We consider the problem of a source distributing a large file, such as a software package or multimedia content, to a large number of clients in the least possible time. We first tackle it under the assumption that the order of data delivery is immaterial. We obtain a cooperative algorithm analytically, and prove that it is optimal for a simple homogeneous client model. This algorithm is at least twice as fast as the well-known multicast tree method. We also explore, by simulation, a simple randomized version, and find that this algorithm performs surprisingly close to optimal. We then consider a scenario with heterogeneous client bandwidths and design an algorithm to handle this case.
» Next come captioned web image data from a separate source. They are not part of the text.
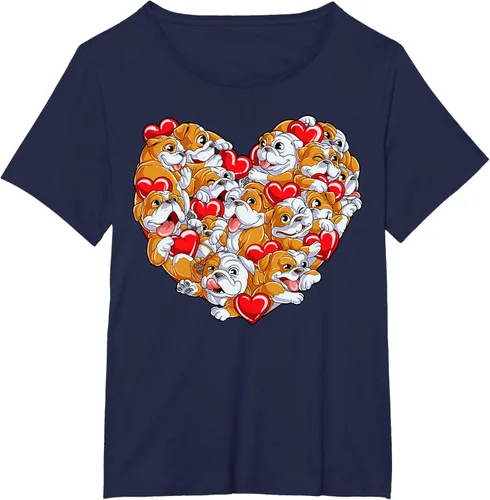 Vista 15 de Camiseta inglesa para el día de San Valentín con diseño de corazón y perro amante de los niños Negro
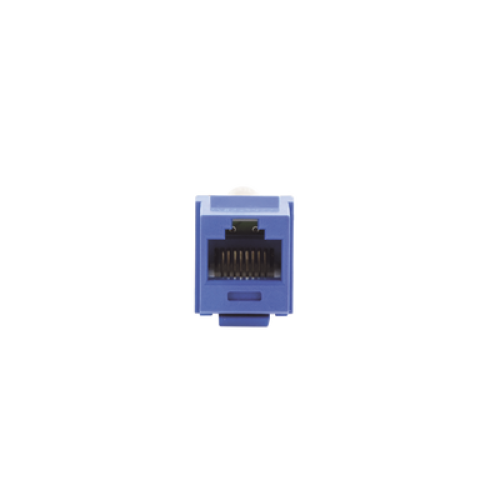 Conector Jack Estilo TP, Tipo Keystone, Categoría 6, de 8 posiciones y 8 cables, Color Azul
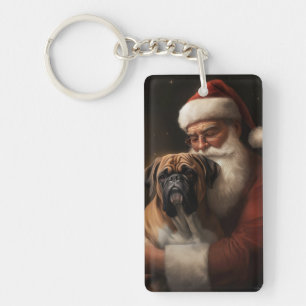 Porte-clefs Boxeur avec le Père Noël Fête de Noël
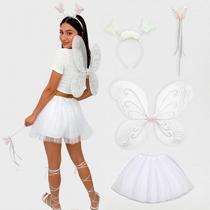 Fantasia Fada Adulta Feminina de Carnaval Kit Borboleta Saia 40cm Asa Varinha e Tiara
Next, we analyze and simulate a non-cooperative scenario in which the clients need incentives to upload data to each other. Specifically we consider different algorithms based on "barter" and find that certain relaxations of barter perform almost as well as the optimal cooperative algorithm. Our work is inspired by the popular BitTorrent protocol, which loosely incorporates mechanisms for efficiency and incentives. We explore BitTorrent's performance via simulation, studying the impact of different parameters. We find that BitTorrent's completion time is around twice that of an optimal algorithm. BitTorrent's scaling behavior can be improved closer to the optimal algorithm's, but only if carefully tuned.

Finally, we propose an architecture that allows applications to customize the content delivery algorithms we develop. We propose that the delivery mechanism be divided into two layers, one application-specific, and one application-independent. The former interfaces to the latter via a narrow block prioritization channel. We argue that this is simple and powerful enough to accommodate a wide variety of applications. We design two different application-specific schemes as proof of concept, and evaluate them via simulations. These results indicate that our priority-based algorithms allow high rates of delivery of streaming or ordered data.